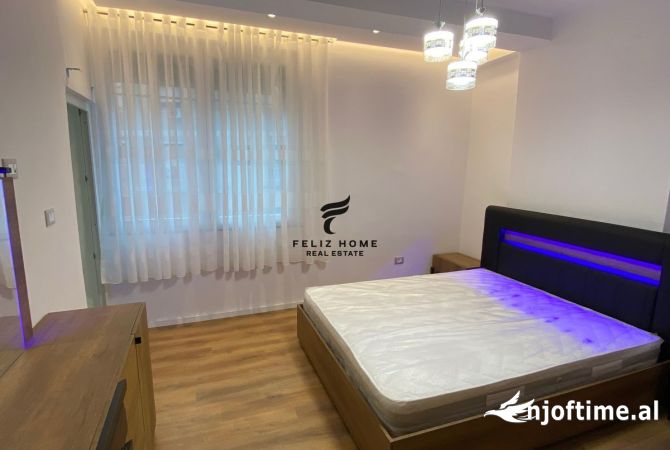 Shtepi me qera 2+1 ne Tirane - 700 Euro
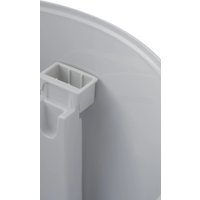 Мойка воздуха StarWind SAW5531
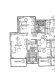 Gemütliche Familienwohnung mit 2 Balkonen & Stellplatz in Beckum-Neubeckum - Grundriss Whg. 3_1.jpg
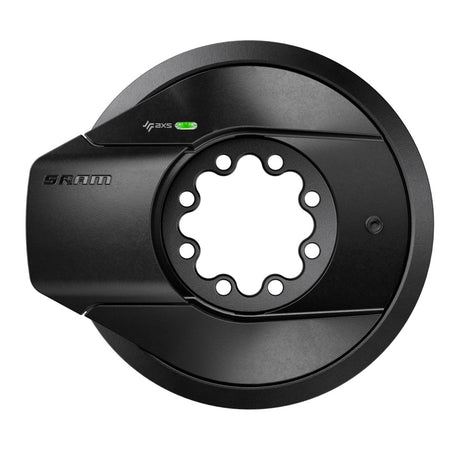 SRAM Thread Mount Power Meter Spider | Strictly Bicycles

**TASK TO COMPLETE**:
What you return must match, line for line, the span from the line containing "Gemütliche Familienwohnung mit" through the last line of the listing above, with every picture omitted.

**WRITTEN SOLUTION**:
 Gemütliche Familienwohnung mit 2 Balkonen & Stellplatz in Beckum-Neubeckum - Grundriss Whg. 3_1.jpg
 SRAM Thread Mount Power Meter Spider | Strictly Bicycles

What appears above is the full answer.